Ferdinand Lips¹ est d’un autre avis. D’une part, il n’y avait plus alors de système classique d’étalon-or, d’autre part, l’économie et la Bourse des Etats-Unis avaient été gonflées artificiellement, dès les années vingt, d’une monnaie créée à partir du néant. Ce n’est pas un hasard si les historiens nomment cette époque les flambantes années vingt. A un essor artificiel succède inévitablement une chute désastreuse.

 

Le système classique de l’étalon-or n’aurait pas permis une telle évolution, et la grande crise n’aurait pas non plus eu lieu. Lips était convaincu que les fluctuations conjoncturelles inévitables et les adaptations structurelles auraient été plus modérées si l’Etat n’avait pas gonflé l’économie par des «piqûres monétaires».

 

Le krach de 1929 et la récession qui a suivi résultaient d’excès et d’une politique monétaire débridée. Contrairement à une affirmation fréquente, ce ne sont pas les bas prix qui ont accentué la crise, avec ses millions de chômeurs, mais la perte de confiance dans les banques et les autorités ainsi que, en dernière analyse, les doutes de l’homme en lui-même. En Allemagne, cette situation a généré le national-socialisme. »

 

 

De nombreuses banques américaines font faillite durant la Grande Dépression. De 28'000 établissements bancaires en 1926, ce nombre descend à 15'000 en 1933. Simultanément, le taux de chômage grimpe jusqu’à 25%. L’indice principal Dow Jones des actions américaines perd jusqu’à 89% de sa valeur. L’ampleur de la crise rend l’étalon devises-or intenable dans de nombreux pays. Les faillites de banques amènent les épargnants à retirer leur argent liquide et leur or et à le conserver chez eux, ce qui aggrave encore la situation des banques. A mesure que les banques ferment, la masse monétaire décline en causant une déflation sévère. A l’idée que le dollar puisse être dévalué de 41% vis-à-vis de l’or pour relancer l’économie, les investisseurs commencent à transférer leurs capitaux à l’étranger et à vider leurs comptes en exigeant le paiement en pièces d’or. Après avoir tenté vainement de convaincre les citoyens de laisser leur argent à la banque, le gouvernement dicte dans l’urgence une nouvelle loi bancaire :

 

 

Le 5 avril 1933, le président Roosevelt décrète illégale la possession d’or pour les citoyens américains, et leur ordonne de restituer pièces d’or, lingots d’or et certificats d’or aux banques fédérales de réserve avant le 1er mai 1933, au prix de $20,67/once.

 

 

 

Cette confiscation est un véritable vol à grande échelle.

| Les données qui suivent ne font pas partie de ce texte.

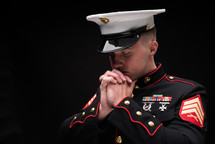 soldier praying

Les contrevenants risquent une amende de $10'000, mais les bijoux et les pièces de monnaie de collection ne font pas partie de l’ordonnance. Après cette date, le dollar sera dévalué de 41% en faisant passer le prix de l’or de $20,67/once à $35/once, soit une hausse de +69% pour le métal. D’un seul coup, toutes les dettes en dollars sont dévaluées de 41% vis-à-vis de l’or ! C’est un moyen très pratique d’effacer une partie des dettes accumulées en faisant payer tous les détenteurs de dollars, y compris ceux que le patriotisme a poussés à rapporter leur or à la Fed avant la date fatidique. L’interdiction de posséder de l’or à des fins d’investissement durera jusqu’en 1975.

 

Durant l’entre-deux-guerres, la bataille contre la « monnaie du citoyen » fait rage dans de nombreux pays. Lénine, Mussolini et Hitler restreignent, eux aussi, le commerce de l’or.

 

De 1935 à 1940, le stock d’or de la Fed passe de 9’000t à 19’500t, et représente plus de la moitié du stock d’or monétaire mondial. Les Américains se retrouvent en situation dominante et New York détrône Londres comme première place financière mondiale.